Figure 88: New land classification in Rondonia near Samuel dam (Source: Authors).

The results show a significant quality gain over the earlier classification. There are still some areas of confusion in the exposed soils inside the inundation area, some of which have been classified as burned areas. It is also useful to show the uncertainty map associated with the second model.

# Calculate the uncertainty cube
s2_cube_uncert_v2 <- sits_uncertainty(
  cube = s2_cube_bayes_v2,
  type = "entropy",
  output_dir = "./tempdir/chp12/",
  version = "v2",
  memsize = 16,
  multicores = 4
)

plot(s2_cube_uncert_v2)

Figure 89: Uncertainty map for classification in Rondonia near Samuel dam - improved model (Source: Authors).

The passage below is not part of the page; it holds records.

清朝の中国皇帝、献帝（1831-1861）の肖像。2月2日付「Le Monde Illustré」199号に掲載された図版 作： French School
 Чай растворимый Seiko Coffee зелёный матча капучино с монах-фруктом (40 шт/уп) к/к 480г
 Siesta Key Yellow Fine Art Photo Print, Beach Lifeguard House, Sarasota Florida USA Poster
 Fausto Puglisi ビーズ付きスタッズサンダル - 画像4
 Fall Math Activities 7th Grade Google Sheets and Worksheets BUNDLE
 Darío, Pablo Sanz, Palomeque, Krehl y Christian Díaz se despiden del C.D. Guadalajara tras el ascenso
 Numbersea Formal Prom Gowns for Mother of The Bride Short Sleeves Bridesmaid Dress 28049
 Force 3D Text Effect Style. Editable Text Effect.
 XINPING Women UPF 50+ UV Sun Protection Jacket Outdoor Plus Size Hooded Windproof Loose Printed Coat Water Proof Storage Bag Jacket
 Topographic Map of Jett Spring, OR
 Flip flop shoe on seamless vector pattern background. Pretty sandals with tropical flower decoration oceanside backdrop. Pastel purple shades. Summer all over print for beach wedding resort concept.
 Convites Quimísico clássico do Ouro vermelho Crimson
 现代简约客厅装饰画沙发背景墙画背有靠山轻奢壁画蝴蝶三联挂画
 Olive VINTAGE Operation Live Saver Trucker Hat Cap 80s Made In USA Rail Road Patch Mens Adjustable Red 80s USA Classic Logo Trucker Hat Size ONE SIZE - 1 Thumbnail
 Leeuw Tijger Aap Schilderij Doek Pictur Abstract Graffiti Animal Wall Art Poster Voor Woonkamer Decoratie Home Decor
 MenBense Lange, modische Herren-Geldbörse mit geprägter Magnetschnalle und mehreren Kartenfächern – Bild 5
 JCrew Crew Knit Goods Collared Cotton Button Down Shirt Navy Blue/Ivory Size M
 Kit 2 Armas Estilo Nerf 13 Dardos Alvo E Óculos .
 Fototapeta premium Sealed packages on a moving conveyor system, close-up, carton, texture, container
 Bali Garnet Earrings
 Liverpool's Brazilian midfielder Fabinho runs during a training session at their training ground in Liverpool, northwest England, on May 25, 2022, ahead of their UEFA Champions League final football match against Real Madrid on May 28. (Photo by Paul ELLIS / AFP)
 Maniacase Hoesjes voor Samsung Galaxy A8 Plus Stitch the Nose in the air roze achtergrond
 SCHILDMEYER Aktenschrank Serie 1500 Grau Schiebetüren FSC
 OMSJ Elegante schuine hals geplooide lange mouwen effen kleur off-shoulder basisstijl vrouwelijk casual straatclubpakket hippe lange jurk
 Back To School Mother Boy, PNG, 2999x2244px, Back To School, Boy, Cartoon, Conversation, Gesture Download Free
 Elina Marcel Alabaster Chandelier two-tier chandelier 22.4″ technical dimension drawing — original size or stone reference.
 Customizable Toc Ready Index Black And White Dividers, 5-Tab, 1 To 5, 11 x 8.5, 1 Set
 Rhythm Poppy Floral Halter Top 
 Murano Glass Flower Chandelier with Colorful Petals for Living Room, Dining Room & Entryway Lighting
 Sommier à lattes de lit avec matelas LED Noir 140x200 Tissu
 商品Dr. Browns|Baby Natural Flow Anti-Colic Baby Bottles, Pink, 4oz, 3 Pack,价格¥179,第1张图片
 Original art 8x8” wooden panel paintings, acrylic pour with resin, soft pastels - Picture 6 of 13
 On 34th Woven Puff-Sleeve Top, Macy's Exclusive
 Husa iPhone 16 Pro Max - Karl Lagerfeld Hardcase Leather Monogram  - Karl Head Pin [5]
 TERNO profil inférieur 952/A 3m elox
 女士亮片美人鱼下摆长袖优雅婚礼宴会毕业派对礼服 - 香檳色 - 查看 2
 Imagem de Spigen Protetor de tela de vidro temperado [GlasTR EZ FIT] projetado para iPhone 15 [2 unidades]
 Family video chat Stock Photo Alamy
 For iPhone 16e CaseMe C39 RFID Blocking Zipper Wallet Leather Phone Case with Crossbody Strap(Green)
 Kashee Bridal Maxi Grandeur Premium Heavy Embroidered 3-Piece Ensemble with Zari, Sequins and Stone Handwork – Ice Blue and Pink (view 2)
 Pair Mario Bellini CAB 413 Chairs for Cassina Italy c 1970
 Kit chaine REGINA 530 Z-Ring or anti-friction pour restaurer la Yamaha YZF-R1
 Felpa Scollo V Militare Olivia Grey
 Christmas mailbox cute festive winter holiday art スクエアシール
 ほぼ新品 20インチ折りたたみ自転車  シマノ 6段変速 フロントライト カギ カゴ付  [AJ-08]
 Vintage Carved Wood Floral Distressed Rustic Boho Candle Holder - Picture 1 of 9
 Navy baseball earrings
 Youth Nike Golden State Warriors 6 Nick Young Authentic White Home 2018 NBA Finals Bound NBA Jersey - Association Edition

As the new uncertainty map shows, there is a significant improvement in the quality of the classification. The remaining areas of high uncertainty are those affected by the contrast between the wet and dry seasons close to the inundation area. These areas are low-laying places that sometimes are covered by water and sometimes are bare soil areas throughout the year, depending on the intensity of the rainy season. To further improve the classification quality, we could obtain new samples of those uncertain areas, label them, and add them to samples. In general, as this Chapter shows, combining uncertainty measurements with active learning is a recommended practice for improving classification results.